To find out more about the YSJ Big Summer Read click here.
Voting closes at 23.45 on Friday 25th June 2020 and the winner will be announced here and on Twitter in early July.
And to find out more about each of the shortlisted texts please read on….
Roger Robinson, A Portable Paradise (2019)
T.S. Eliot Award winning collection from British Trinidadian poet Roger Robinson. This collection explores (among other things) the legacies of the Grenfell disaster and fatherhood.
Pat Barker, The Silence of the Girls (2018)
Shortlisted for The Women’s Prize for Fiction, Barker’s novel reimagines The Iliad from the perspective of the women of The Trojan War.
Douglas Stuart, Shuggie Bain (2020)
Shortlisted for The Booker Prize, Shuggie Bain is set in Glasgow in 1981 offers a raw and heartbreaking portrait of a son’s love for his (flawed) mother.

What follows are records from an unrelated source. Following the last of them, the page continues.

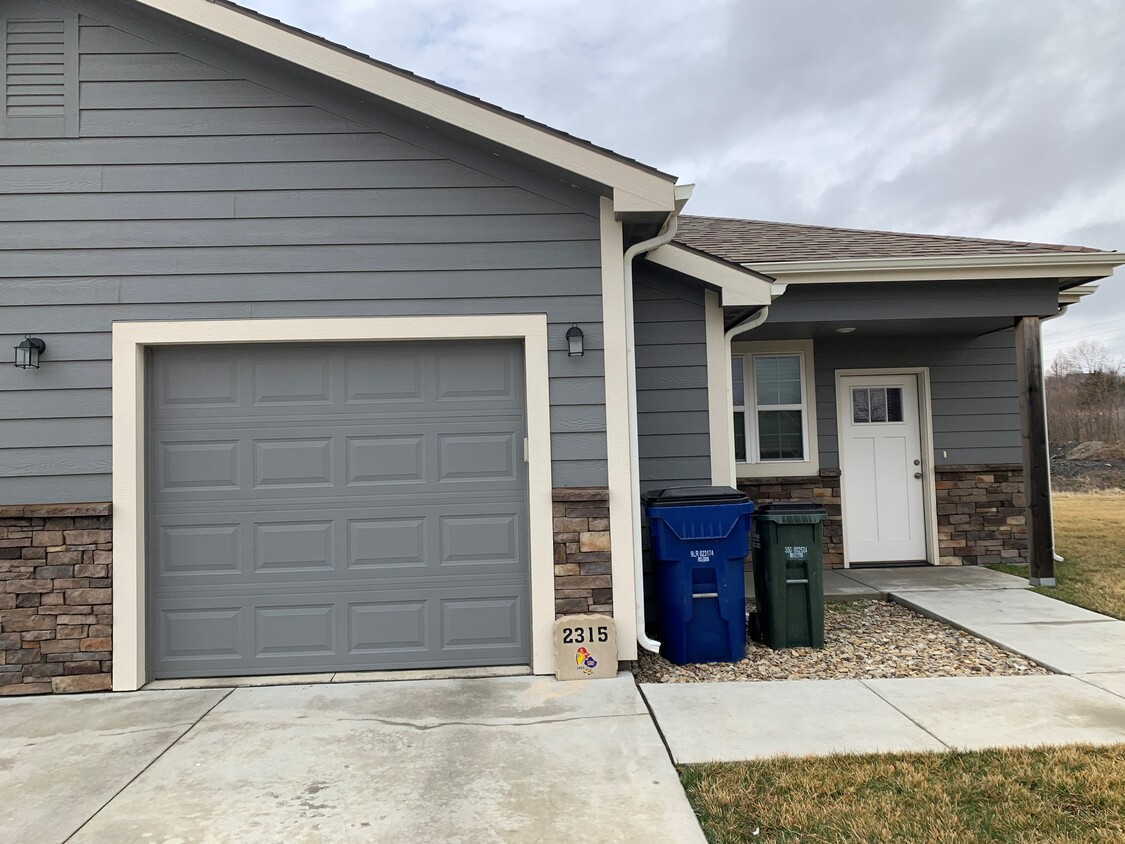 Exterior - 2315 Stone Hawk Ct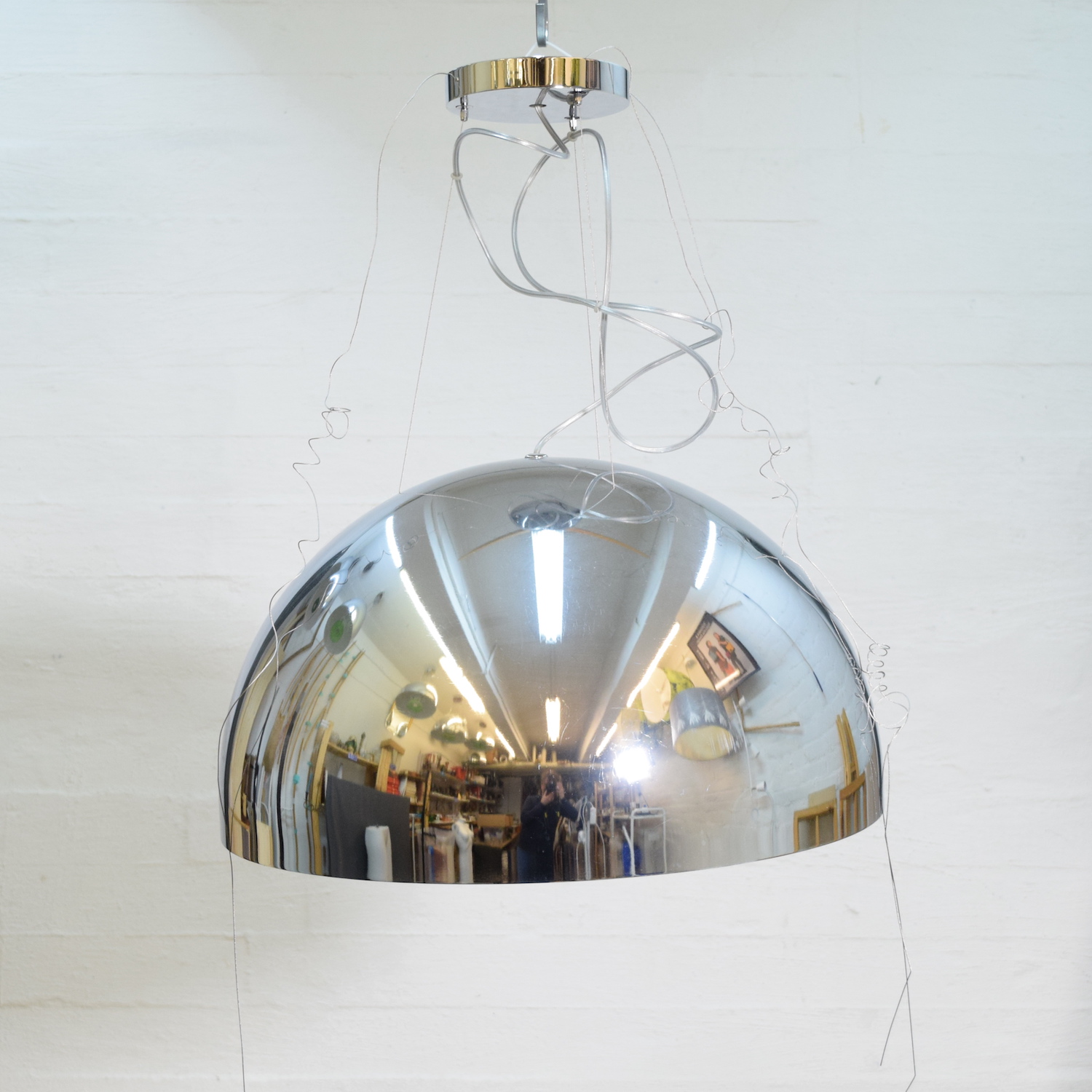 Kattovalaisin metallia kromi ja lasia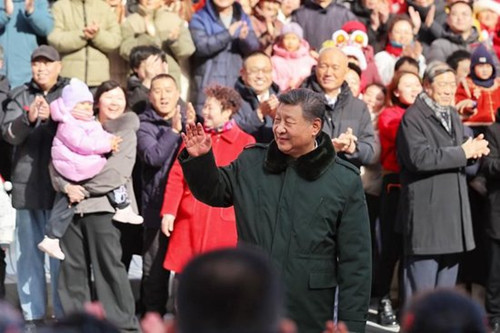 为民造福，坚持当“老百姓的官”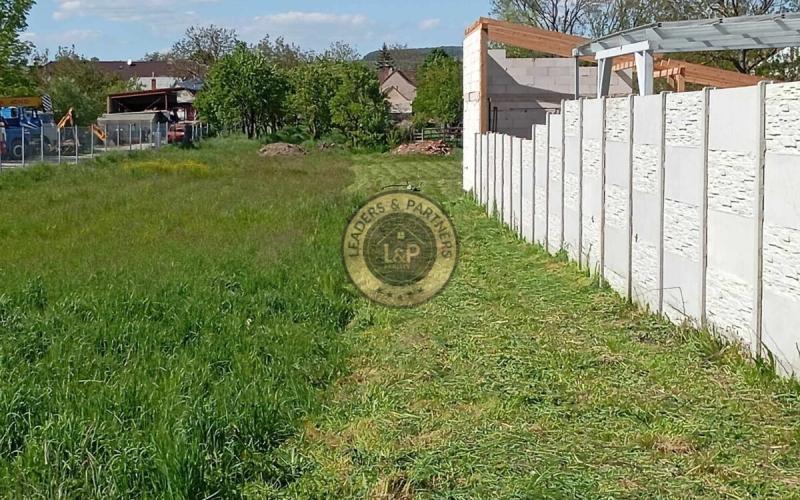 Na predaj pozemok vhodný na výstavbu RD v obci Dojč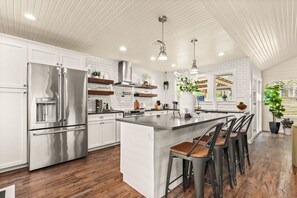 Fridge, microwave, oven, stovetop - *Oasis* Lux 5BR Estate w/ Pool • Hot Tub • Movie (Austin)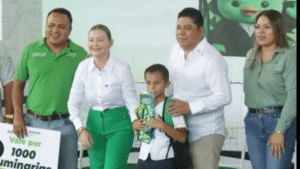 Madres y padres de familia de Matlapa agradecen al Gobernador Ricardo Gallardo por apoyo educativo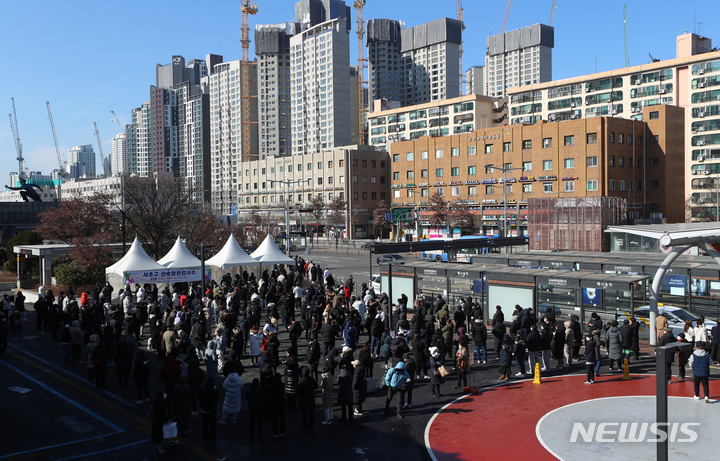 [서울=뉴시스] 고승민 기자 = 0시 기준 코로나19 신규 확진자수가 2만270명을 기록한 2일 서울 서초구 고속티머닐 임시선별검사소를 찾은 시민이 검사를 받기 위해 줄을 서고 있다. 2022.02.02. kkssmm99@newsis.com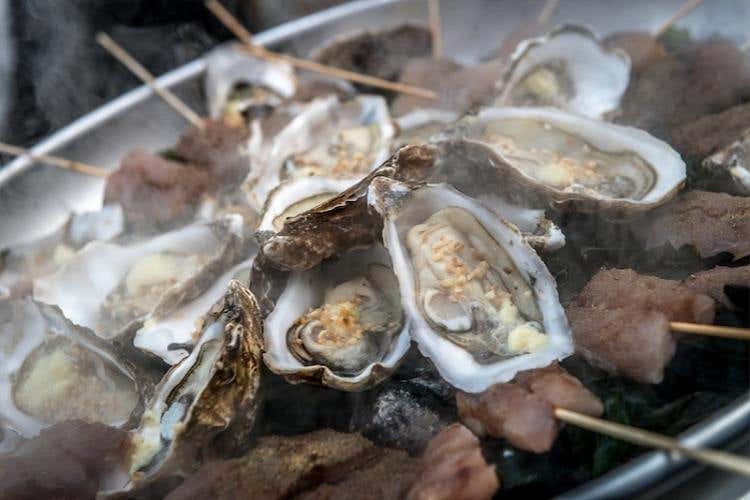 Ostriche appoggiate sui carboni ardenti e alga wakame (Cristiano Tomei)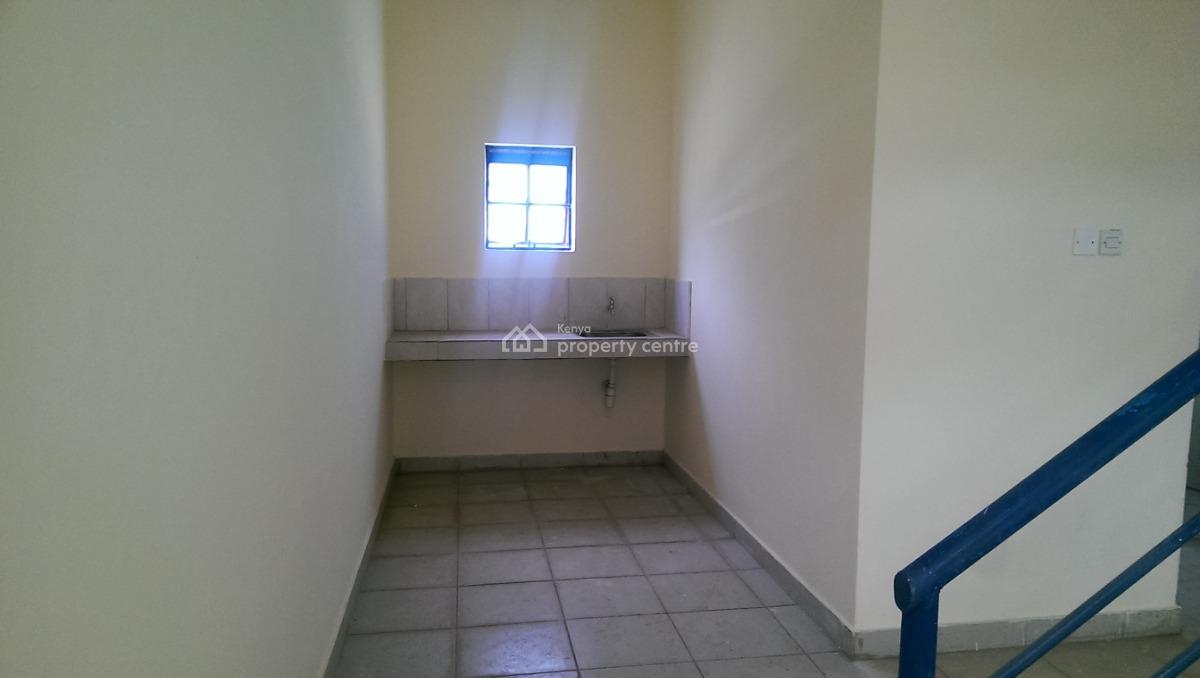 5,250 Sq Ft Warehouse in Babadogo, Baba Dogo Road, Baba Dogo, Nairobi, Warehouse for Rent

Jacqueline Roy, The Fat Lady Sings (2000)
Selected by Bernadine Evaristo as part of the Black Britain: Writing Back series, this novel, examines race, class, and mental health in the UK. Set in the 1990s, it follows Gloria and Merle who are living in a London psychiatric ward.
Ocean Vuong, On Earth We’re Briefly Gorgeous (2019)
A Sunday Times bestseller, and debut novel of award-winning Vietamese-American poet Ocean Vuong, this is a coming of age novel about Little Dog, the son of Vietnamese immigrant parents.
Paris Lees, What It Feels Like For A Girl (2021)
A coming-of-age memoir about Lees’ teenage years in Midlands in the 1990s and early 00s. Paris Lees is a journalist and campaigner and the first openly trans woman to present on BBC Radio 1 and Channel 4 (Penguin.com).